With the assumption of little vibration, the inherent nonlinear characteristics of fluid-film bearings can be linearized at the static equilibrium position (Zhong, ; Abduljabbar et al., ). Then its governing equation can be expressed as (16) ${M_b}{\ddot u_b} + {C_{b1}}{\dot u_b} + {K_{b1}}{u_b} = - {C_{b2}}\left( {{{\dot u}_b} - {{\dot \hat u}_s}} \right) - {K_{b2}}\left( {{u_b} - {{\hat u}_s}} \right)$ , where ${u_b} = {\left[ {{V_b},{W_b}} \right]^T}$ are the displacements of the bearing node and ${\hat u_S} = {\left[ {{V_j},{W_j}} \right]^T}$ are the displacements of the journal node. M _b, C _b1, K _b1, C _b2 and K _b2 are included (Appendix), and the elements of the matrices are illustrated in Fig. 5. The generalized force acting on the journal is (Das et al., ) (17) ${Q_b} = {C_{b2}}\left( {{{\dot u}_b} - {{\dot \hat u}_S}} \right) + {K_{b2}}\left( {{u_b} - {{\hat u}_S}} \right)$ .

Fig.5
Bearing stiffness and damping

In the case of a high stiffness foundation, V _b=W _b=0, and the equation is simplified to (18) ${Q_b} = - {C_{b2}}{\dot \hat u_S} - {K_{b2}}{\hat u_S}$ .

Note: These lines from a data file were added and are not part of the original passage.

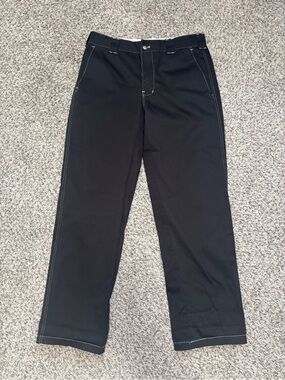 Men's Black Chinos with Contrast Stitching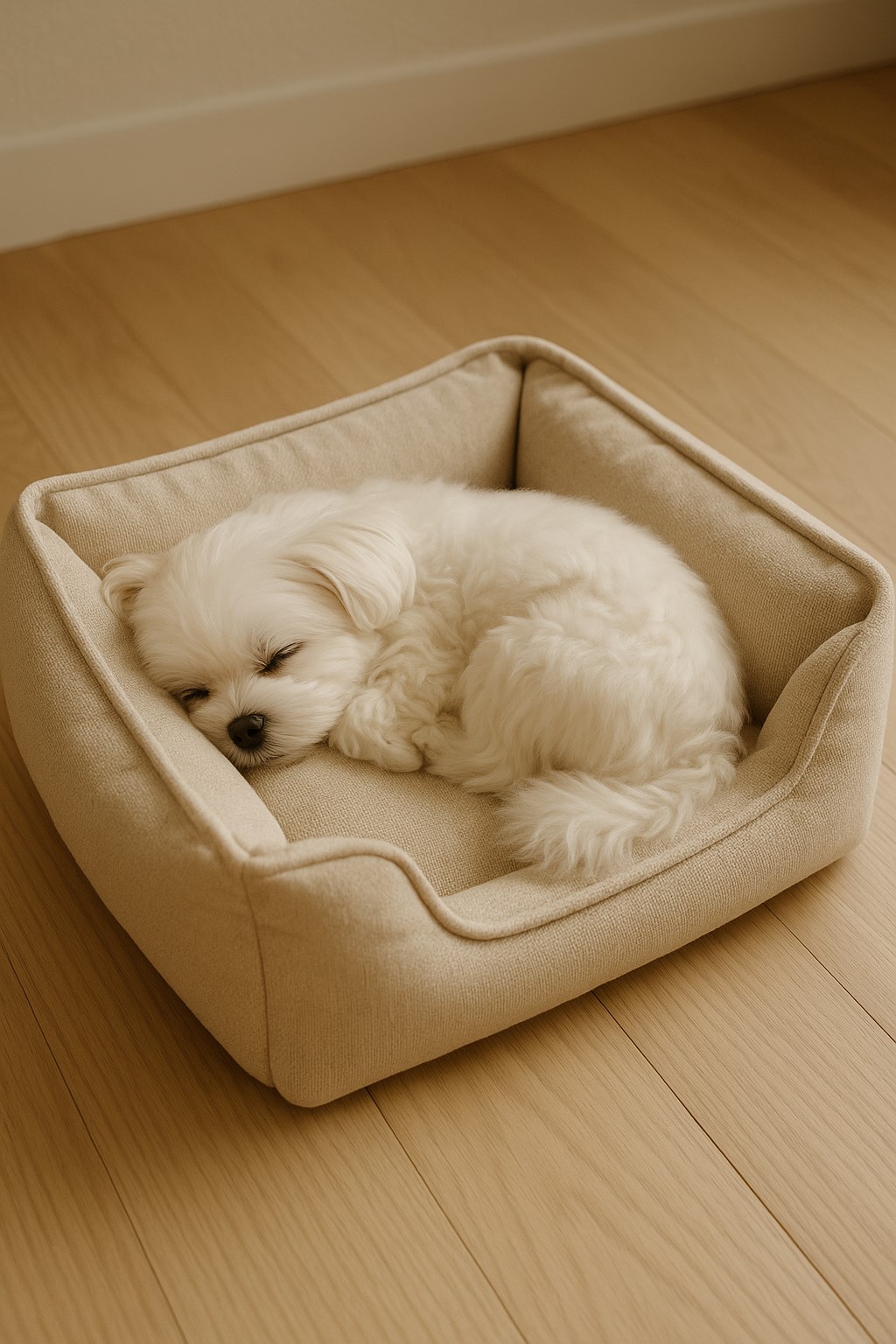 말티즈가 침대에서 웅크리고 자는모습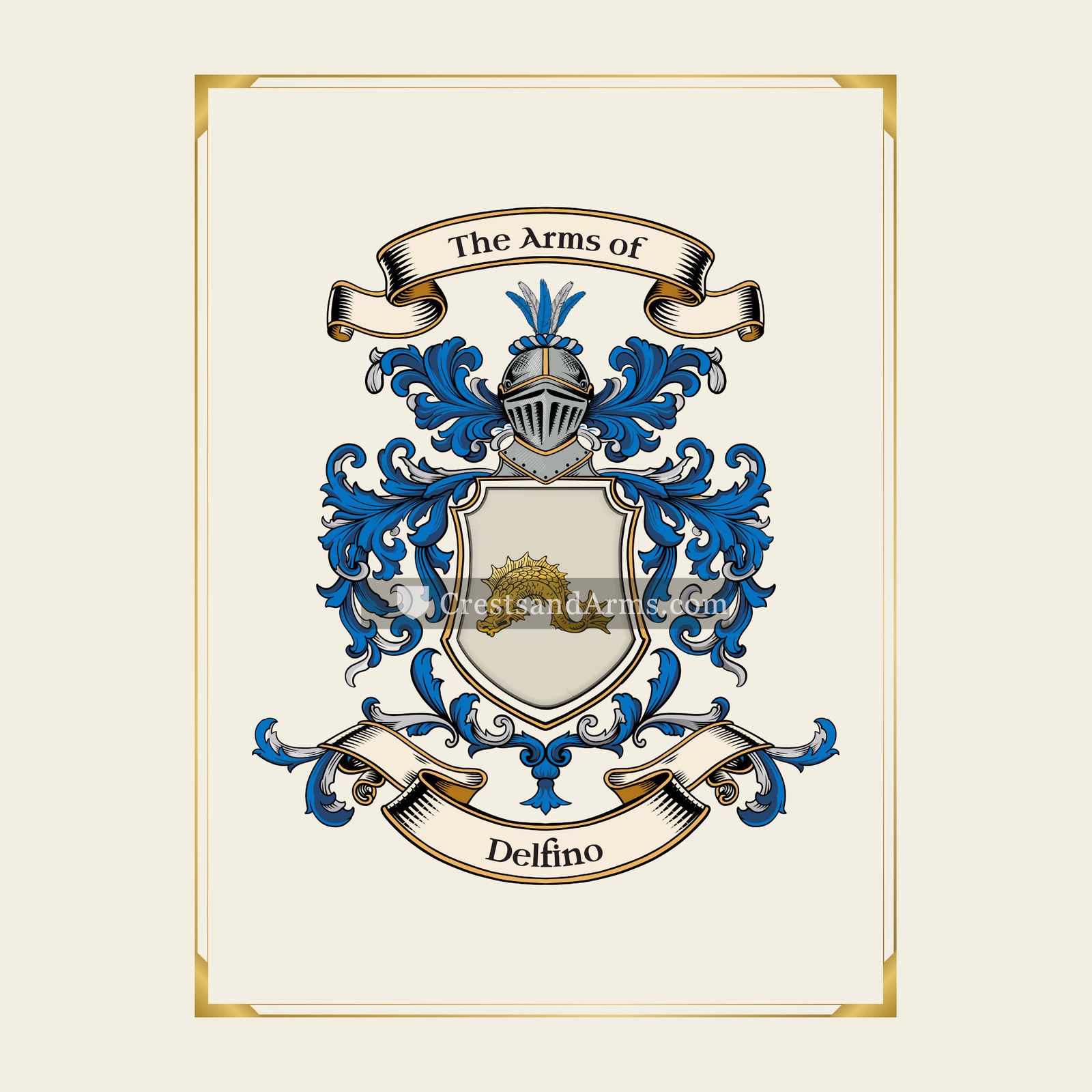 With gold border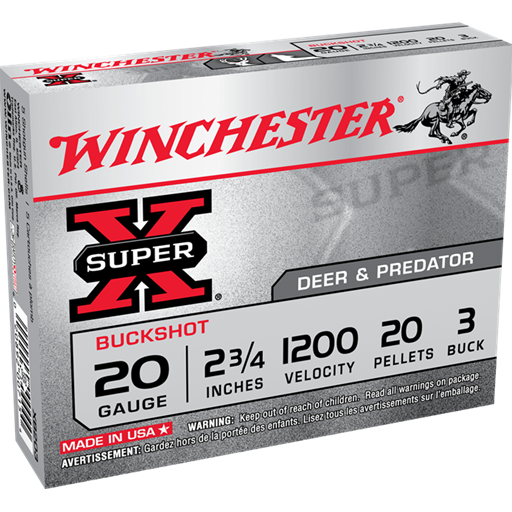 Winchester Super X 20 Gauge 2 3/4in 3 Buckshot 20 Pellets 5 Round Box- XB203
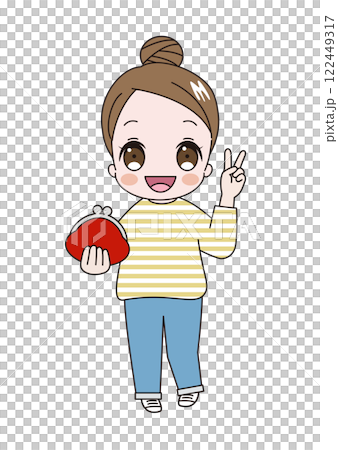 お財布をもってピースのおだんごヘアでボーダーシャツを着た若いかわいい女性のイラスト 122449317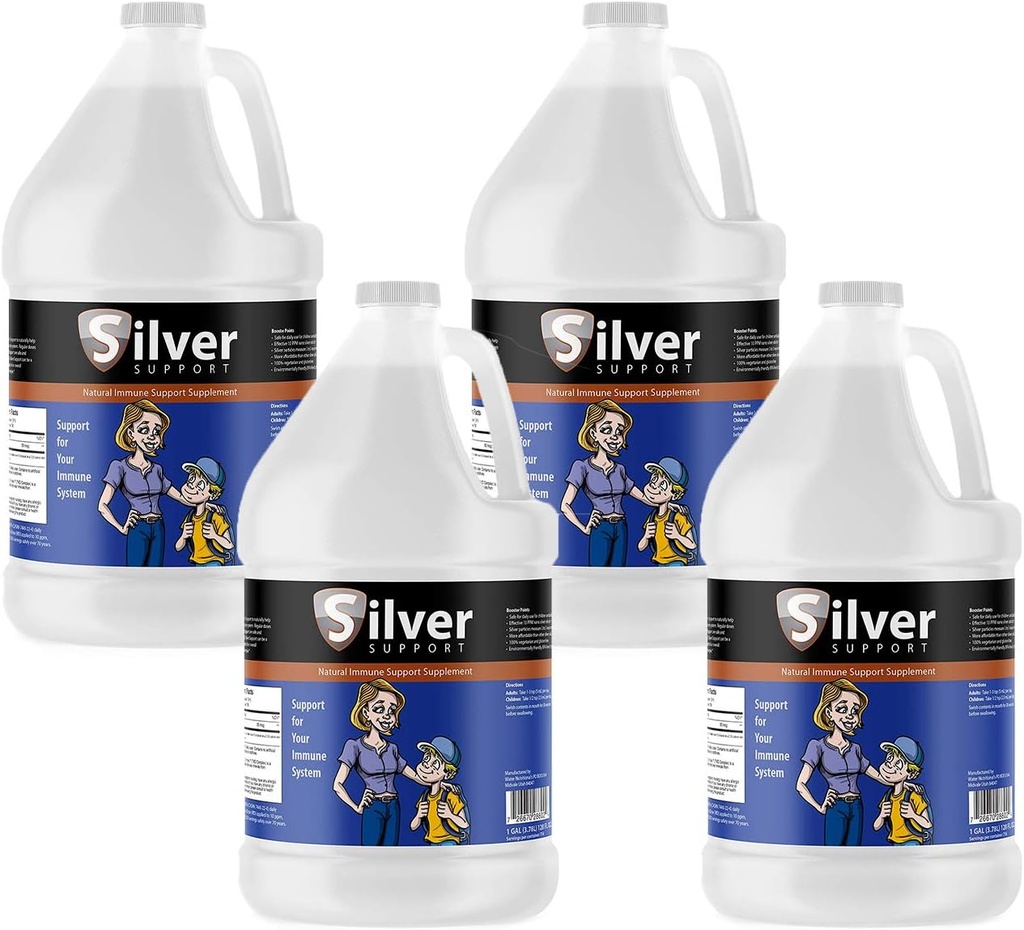 Dukungan Perak - Herbal Imune Supplemen Dukungan, Solusi Perak berukuran Nano, Immune Booster untuk Anak-anak, Pets & Dewas, Purified Silver, Memperkuat Sistem kekebalan Anda untuk Musim Dingin dan Flu - 4 Gallon
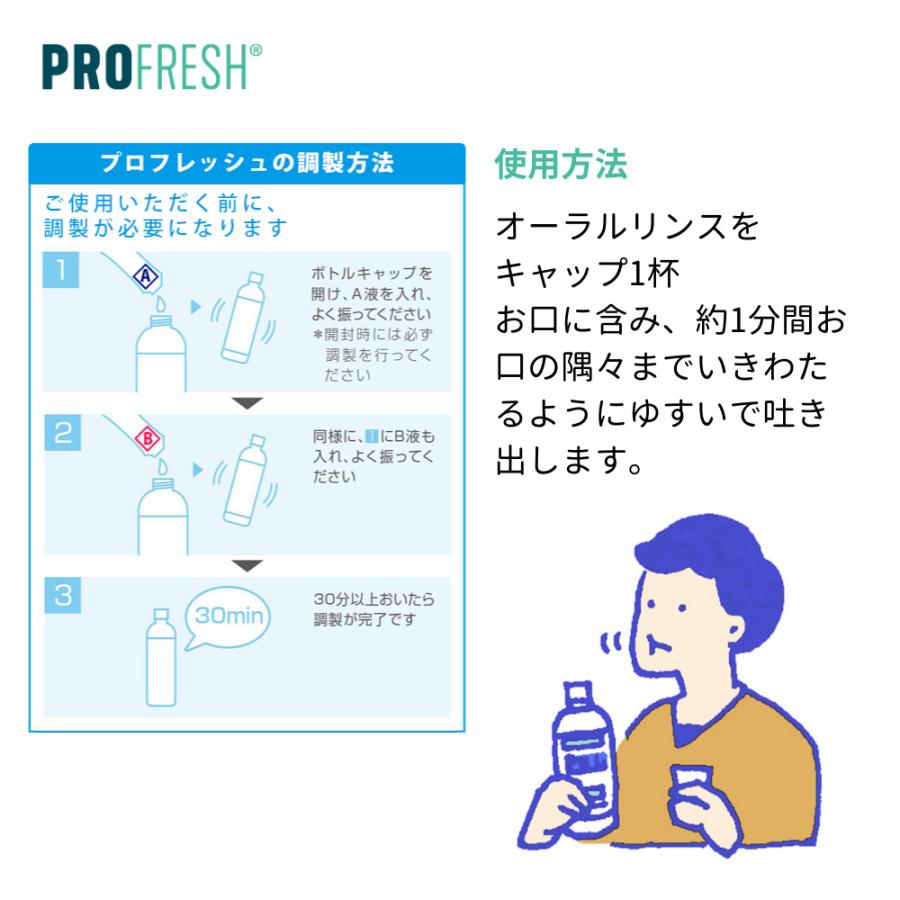 口臭 無臭化 マウスウォッシュ プロフレッシュ オーラルリンス 500ml 2本セット 口臭対策 洗口液 ProFresh ClO2 公式 オーラルケア 就活 面接｜alphanet｜08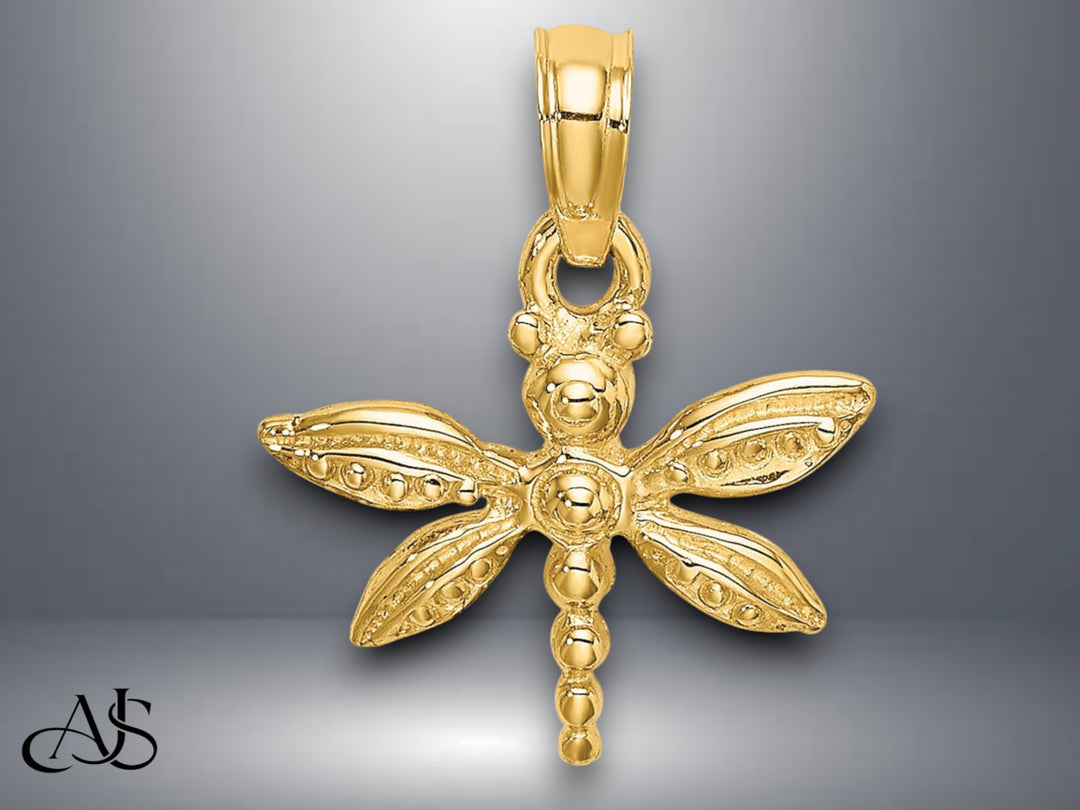 14K Yellow Gold 2-D Mini Dragonfly w/Solid Wings Charm with Necklace Chain Options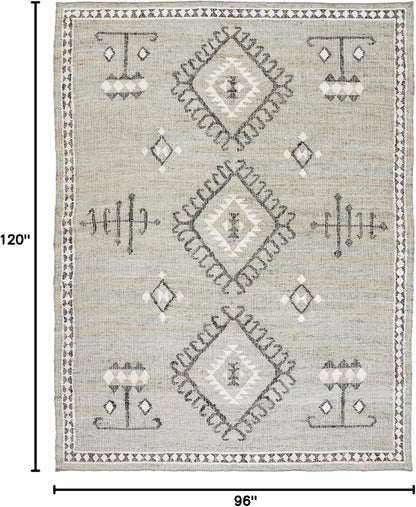SAFAVIEH Area Rug 8X10 - Kilim Collection - Large - Blue & Black, Flat Weave Jute Design, Ideal for Living Room, Bedroom, Office, Dining Space (KLM762M)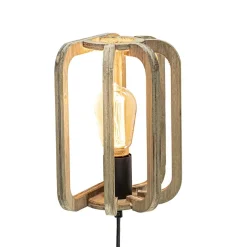 Houten wandlamp met zwarte fitting en snoer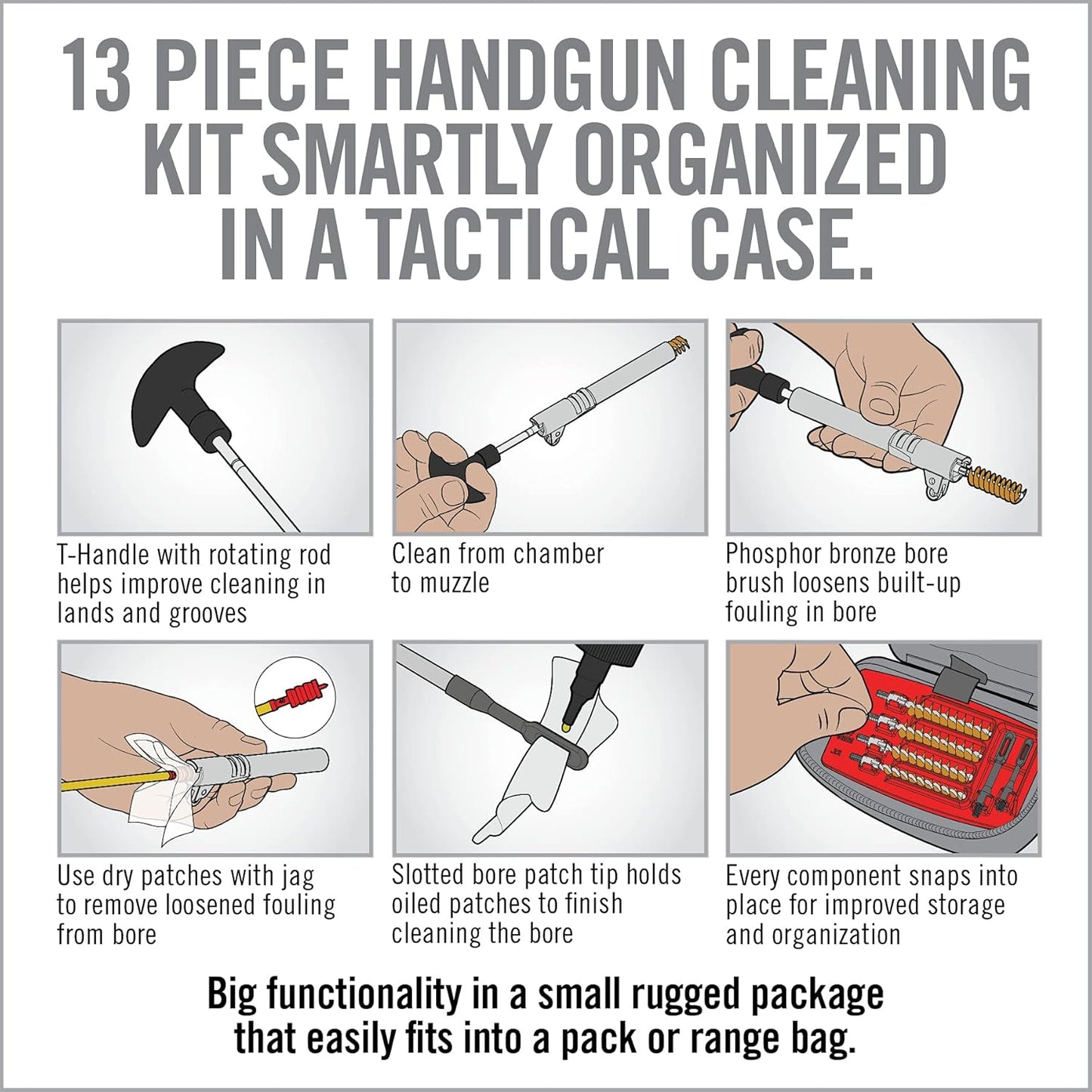 Real Avid Handgun Cleaning Kit - All-in-One 13 Piece Pistol Cleaning Kit with Cleaning Rod, Bore Brushes, Gun Cleaning Jags & Gun Cleaning Patches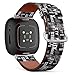 CJBROES Replacement Leather Watch Band, Compatible with Fitbit Versa 3 and Fitbit Sense of Wristband Bracelet Accessory - Urban Design Sport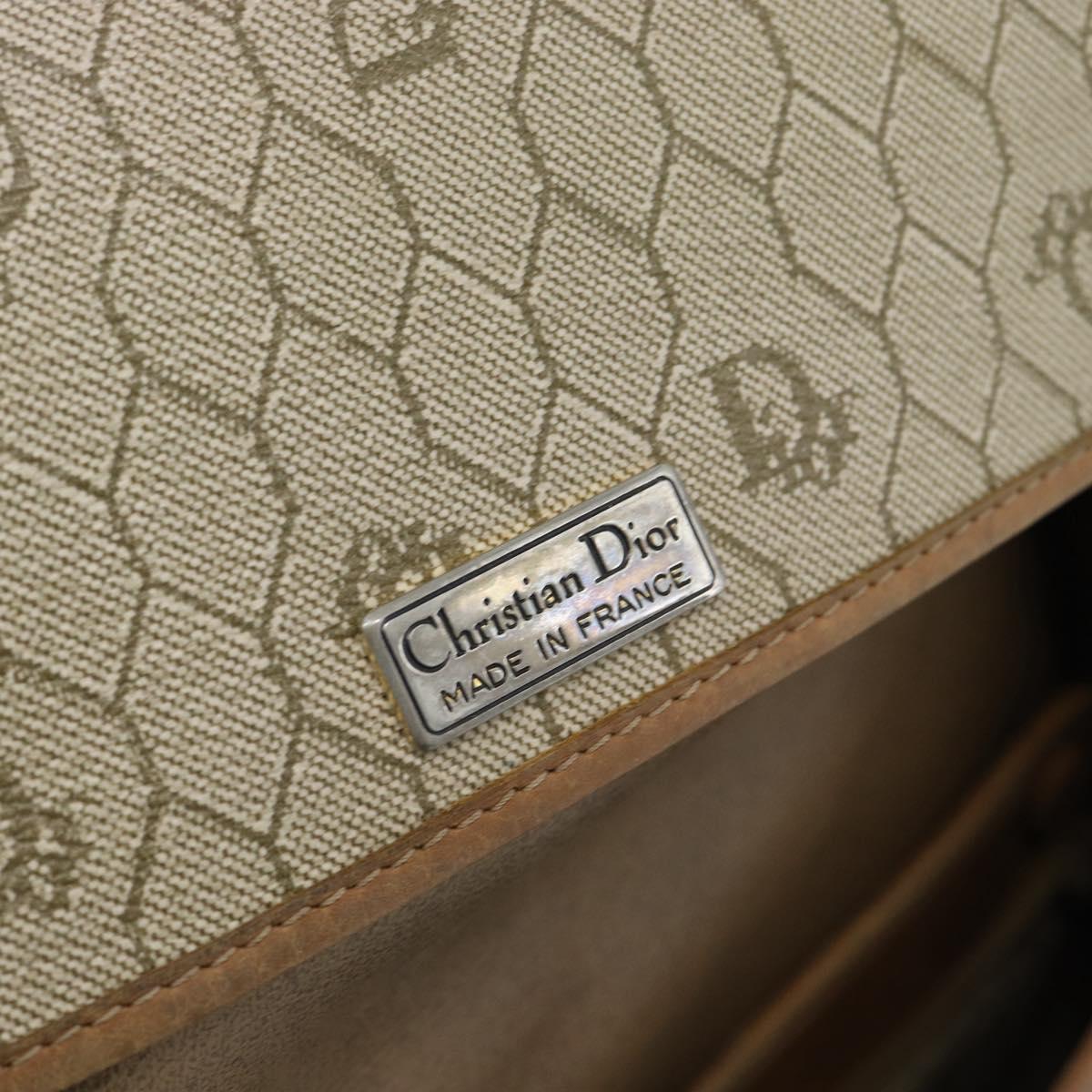 Christian Dior Honeycomb Canvas Shoulder Bag PVC Beige Gold Auth bs29391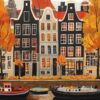 Diamond Painting Prachtig Amsterdam voorbeeldafbeelding van het volledige ontwerp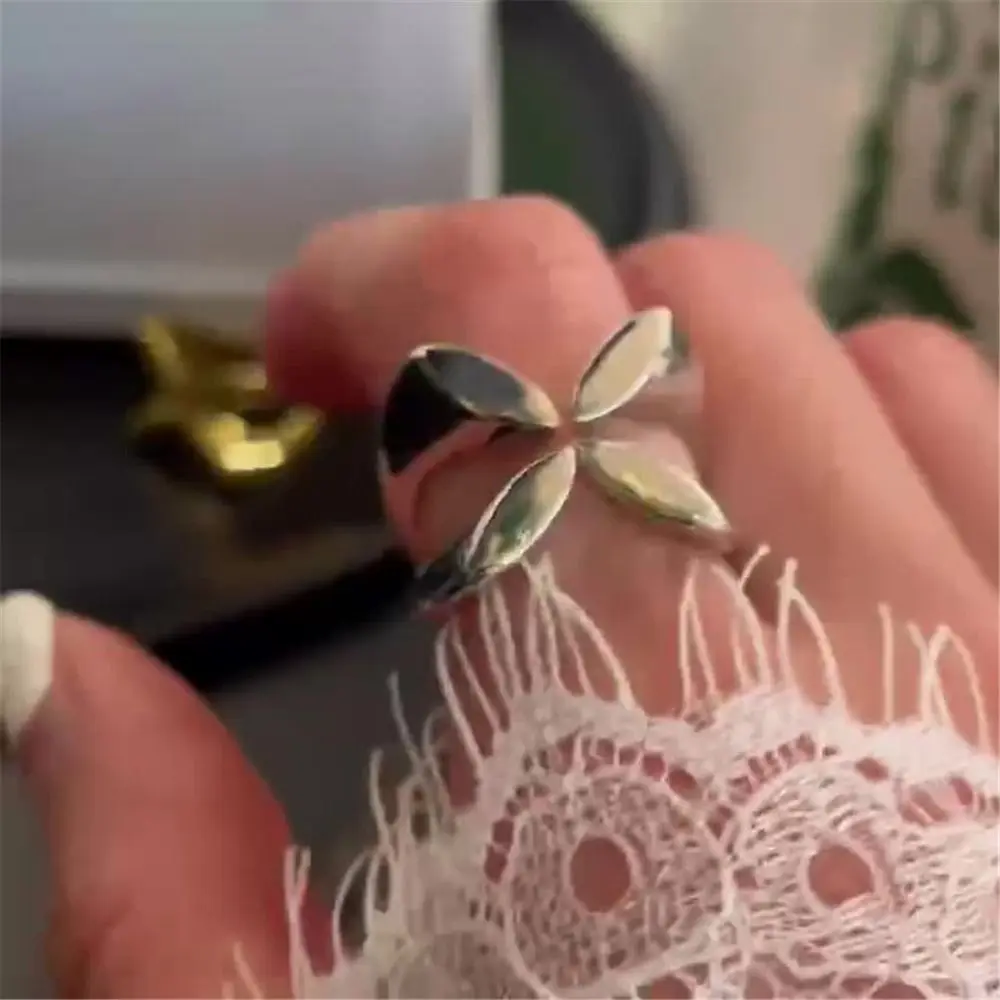 Water Resistant Geometric Open Ring Gold Silver Chic Jewelry Adjustable Stainless Steel Finger Ring for Women's Daily Outfit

3. Assembly and system equations

3.1. System of a single rotating shaft

Fig. 6 shows a rotor-bearing system with a single rotating shaft. The vibration equation of the rotor can be obtained by combining Eqs. (4) and (14) (Shiau et al., ): (19) ${M^s}{\ddot u^s} - \Omega {G^s}{\dot u^s} + {K^s}{u^s} = Q_u^s + Q_d^s$ , Fig. 6

Typical rotor-bearing system

where M ^s, G ^s and K ^s are the mass, gyroscopic and stiffness matrices, respectively of the rotor system, and u ^s is the vector of its generalized coordinates. $Q_u^s$ is the unbalance force, and $Q_d^s$ denotes the interaction force between the rotor and bearings.

The vibration equation of the bearings is given by (20) $M_b^s\ddot u_b^s + C_b^s\dot u_b^s + K_b^su_b^s = - Q_b^s$ , where $M_b^s$ , $C_b^s$ and $K_b^s$ are the mass, damping and stiffness matrices of the bearings system, respectively. $Q_b^s$ is the vector of the force and it is applied to the rotor by bearings. It can be calculated using the equation: (21) $Q_b^s = {\left[ {\begin{array}{*{20}{c}} {Q_b^i}\quad{Q_b^j}\quad{Q_b^k} \end{array}} \right]^T} = - {C_O}L{\dot u^s} - {K_O}L{u^s} + {C_O}{L_b}\dot u_b^s + {K_O}{L_b}u_b^s = \left[ {\begin{array}{*{20}{c}} { - {C_O}L}\quad{{C_O}{L_b}} \end{array}} \right]{[{\dot u^s}\;\dot u_b^s]^T} + \left[ {\begin{array}{*{20}{c}} { - {K_O}L}\quad{{K_O}{L_b}} \end{array}} \right]{[{u^s}\;u_b^s]^T}$ , with (22) $L{u^s} = {[\begin{array}{*{20}{c}} {{V_i}}\quad{{W_i}}\quad{{V_j}}\quad{{W_j}}\quad{{V_k}}\quad{{W_k}} \end{array}]^T}$ ,

(23) ${L_b}u_b^s = {I_{6 \times 6}}{[\begin{array}{*{20}{c}} {{V_{bi}}}\quad{{W_{bi}}}\quad{{V_{bj}}}\quad{{W_{bj}}}\quad{{V_{bk}}}\quad{{W_{bk}}} \end{array}]^T}$ .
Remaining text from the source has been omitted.